In the first part of the book, “Elasticity: Infrastructural Maneuvers,” Mukherjee describes a “cine-ecology” of film production characterized by intense speculation and risk taking, as well as by hitherto unnoticed technologies of organization and rationalization that have been obscured by subsequent characterizations of the film industry in India as chaotic and disorganized. In the process, Mukherjee corrects lazy and unfavorable comparisons with the mature oligopoly of the Hollywood studio system.

She also answers long-pending questions of why Bombay became the preeminent and first major center of film production in India. It was not solely because of the language of its movies (Hindi-Urdu), as popular and academic accounts often contend. Rather, part of the answer lies in the thorough “financialization of everyday life” under way in Bombay, as indigenous bazaar traders betted on cotton-futures markets while Bombay’s elites engaged in corporate-shares trading. Both forms of speculation saturated the cine-ecology. Cotton merchants invested in film. Studios organized themselves on corporate lines while drawing on indigenous credit markets for loans to pay dividends to shareholders. So literal were the connections (described in fascinating detail) between speculation and filmmaking that film magazines carried cotton prices, and the films of the period routinely featured villains who were paper-savvy gamblers, swindlers, insurance agents, stockbrokers, race bettors, and the like.

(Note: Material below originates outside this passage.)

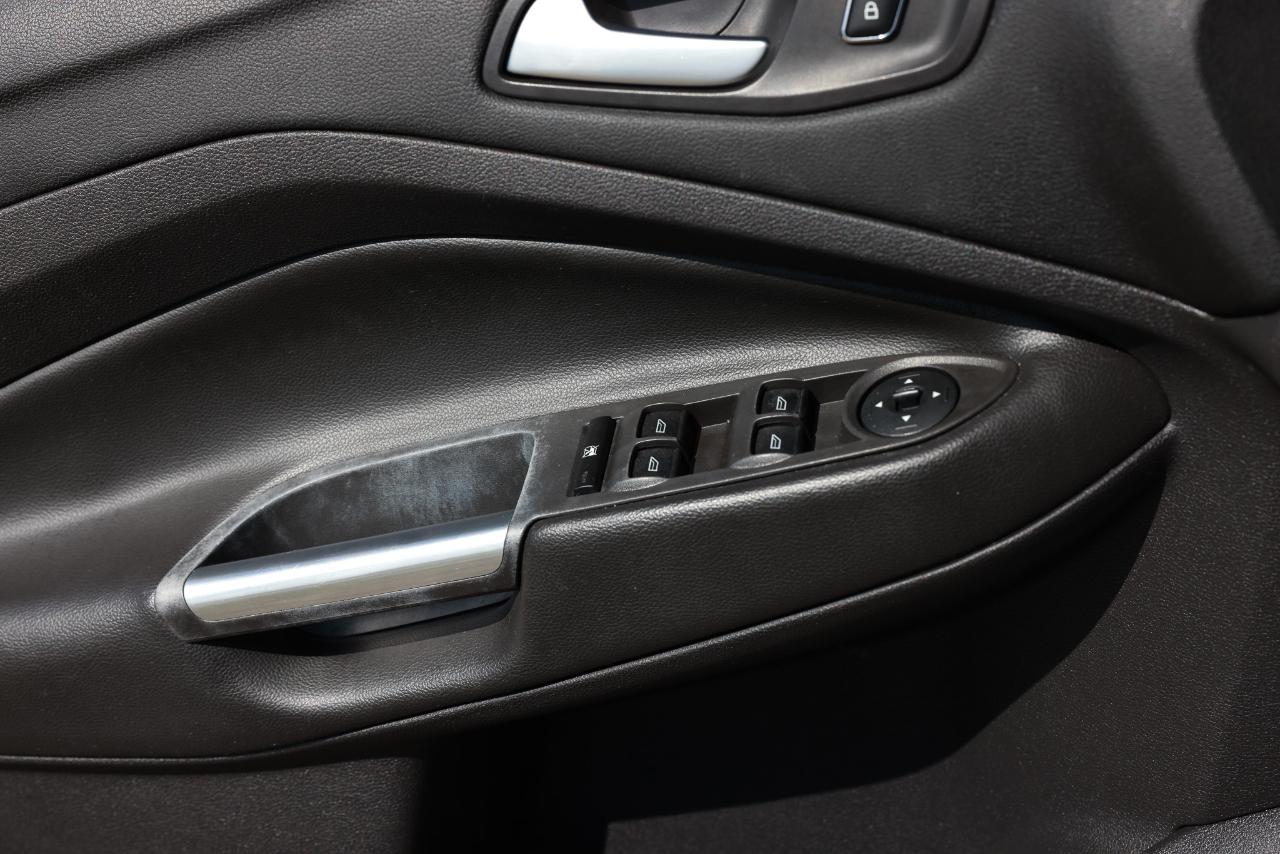 Ford Escape  2014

If all this sounds like one big “hustle,” it was indeed. But Mukherjee argues that this decentralized, dynamic, and diverse cine-ecology that drew on varied sources of finance while also performatively donning the mantle of corporate rationalization (and selectively appropriating some of its elements) would precisely explain why Bombay cinema thereby became one of the most prolific centers of film production.

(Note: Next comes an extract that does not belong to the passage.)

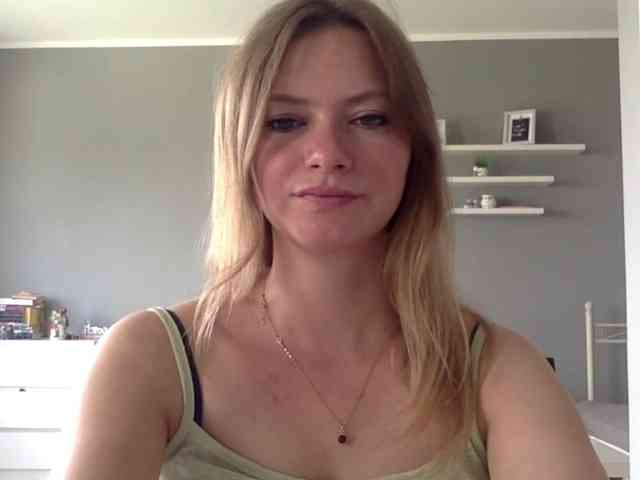 kissMillie webcam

Refuting the “disorganization” thesis that has damned this period, Mukherjee’s research also discovers the presence of continuity scripts, double-unit production systems, and divisions of labor and expertise. Industry associations organized exhibitions to convey that they operated along “scientific” lines, in tune with the nationalist valorization of science and industrial organization.

The drive to modernize also characterized the transition to sound in 1931. Films repeatedly and reflexively staged plot lines in which public concerns about whether acting was a respectable profession for women were translated into courtroom scenes of passionate and principled oratory, “an affective vocality” through which the female character would declaim the respectability of her profession in the performing arts. Mukherjee is clear (and the examples abound in her book) that the desire to be modern, both in films and otherwise, obsessively centered on fixing the meanings of the “modern Indian” woman (164).

If the first part of the book documents the “will to modernize” in Bombay’s cine-ecology, the second part, “Energy: Intimate Struggles,” documents the corporeal consequences of doing so on the bodies of those who worked within this cine-ecology (40). Mukherjee refuses to let the silhouetted “spot boy” in a surviving production still or the female extra recede into oblivion.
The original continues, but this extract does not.